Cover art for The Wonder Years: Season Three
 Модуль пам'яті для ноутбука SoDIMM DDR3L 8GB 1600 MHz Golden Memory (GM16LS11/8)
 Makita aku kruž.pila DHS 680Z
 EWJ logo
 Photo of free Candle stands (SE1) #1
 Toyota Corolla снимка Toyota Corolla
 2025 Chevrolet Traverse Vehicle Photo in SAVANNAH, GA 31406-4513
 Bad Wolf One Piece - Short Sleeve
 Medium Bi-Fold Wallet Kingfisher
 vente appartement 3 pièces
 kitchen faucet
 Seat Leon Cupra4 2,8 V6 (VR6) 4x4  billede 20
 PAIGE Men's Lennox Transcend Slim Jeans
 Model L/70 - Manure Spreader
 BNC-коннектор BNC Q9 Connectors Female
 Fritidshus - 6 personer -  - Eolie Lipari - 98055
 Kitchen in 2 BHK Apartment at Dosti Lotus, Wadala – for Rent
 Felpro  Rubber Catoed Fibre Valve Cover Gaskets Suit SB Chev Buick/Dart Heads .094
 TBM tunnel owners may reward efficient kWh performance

○ ○ ○ ○ ○ ○ ○

■ EXERCISE DIRECTIONS ■
Reproduce exactly every line that sits between the start of the entries and the line bearing "PAIGE Men's Lennox Transcend Slim Jeans", counting both of those lines.

■ ANSWER TO THE PROBLEM ■
Cover art for The Wonder Years: Season Three
 Модуль пам'яті для ноутбука SoDIMM DDR3L 8GB 1600 MHz Golden Memory (GM16LS11/8)
 Makita aku kruž.pila DHS 680Z
 EWJ logo
 Photo of free Candle stands (SE1) #1
 Toyota Corolla снимка Toyota Corolla
 2025 Chevrolet Traverse Vehicle Photo in SAVANNAH, GA 31406-4513
 Bad Wolf One Piece - Short Sleeve
 Medium Bi-Fold Wallet Kingfisher
 vente appartement 3 pièces
 kitchen faucet
 Seat Leon Cupra4 2,8 V6 (VR6) 4x4  billede 20
 PAIGE Men's Lennox Transcend Slim Jeans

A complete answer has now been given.